* The data
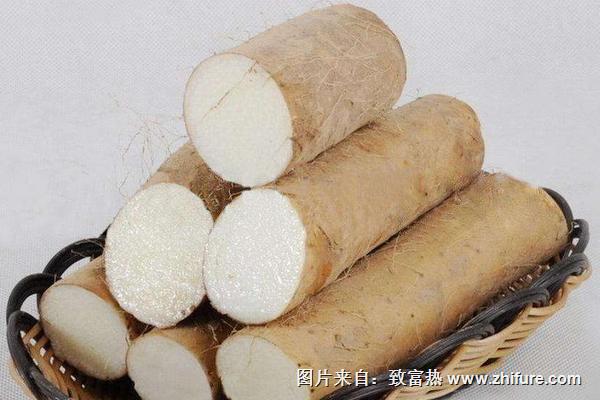 淮山藥的功效與作用及禁忌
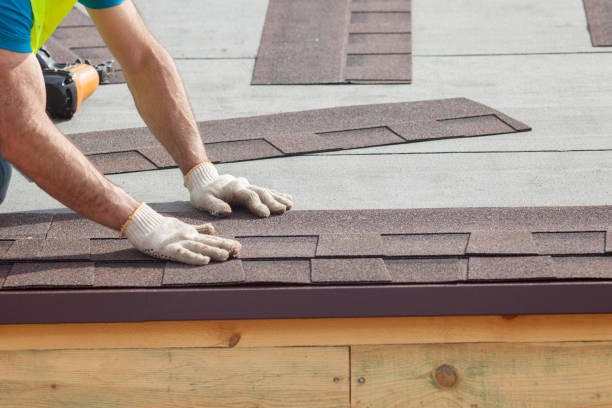 Best Sheet Metal Roofing  in Payson, AZ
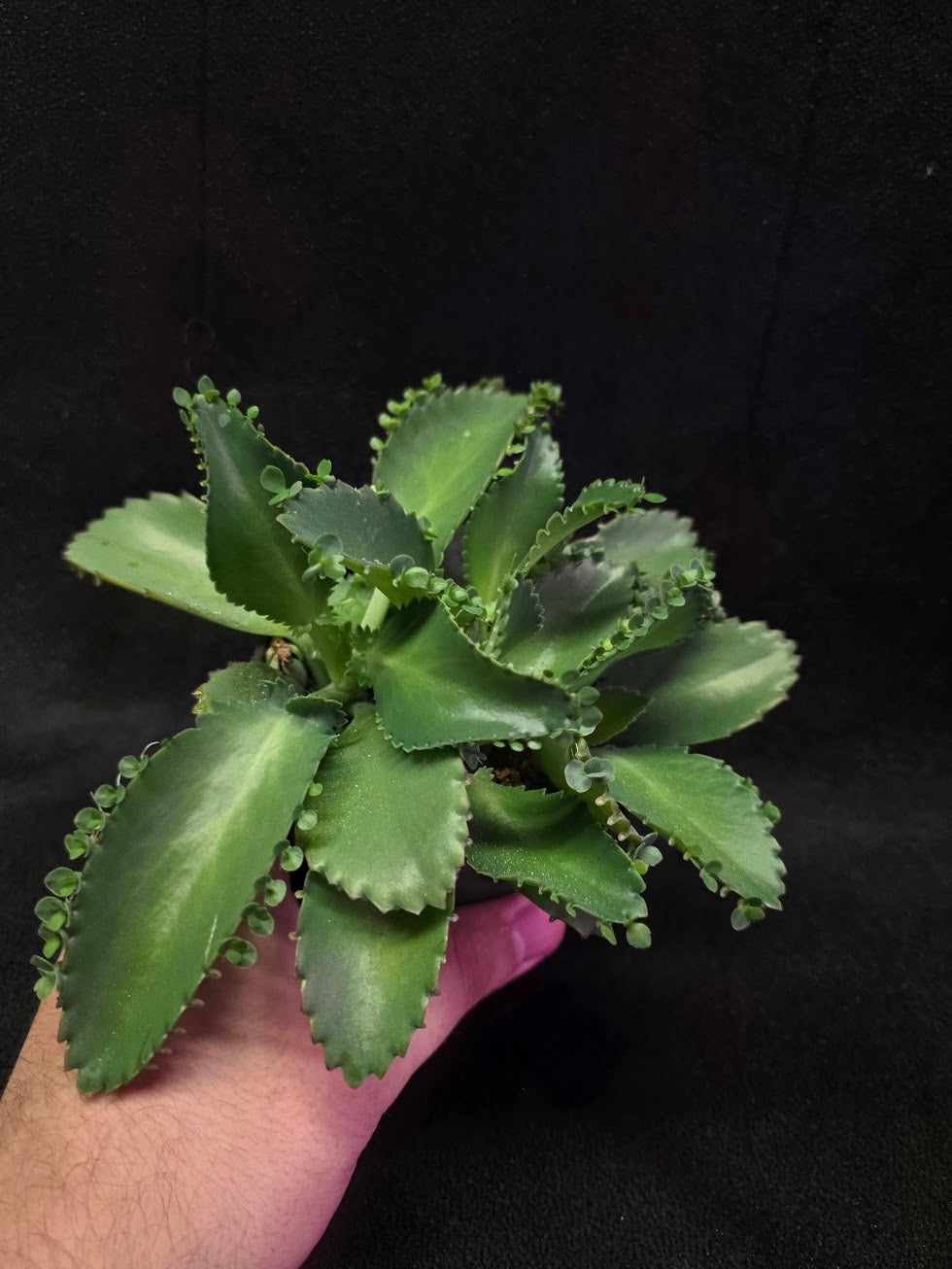 Mother of Thousands #02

* Action item
Every line of the data above is to be set down word for word, with the pictures left out.

* Solution for this exercise
 淮山藥的功效與作用及禁忌
 Best Sheet Metal Roofing  in Payson, AZ
 Mother of Thousands #02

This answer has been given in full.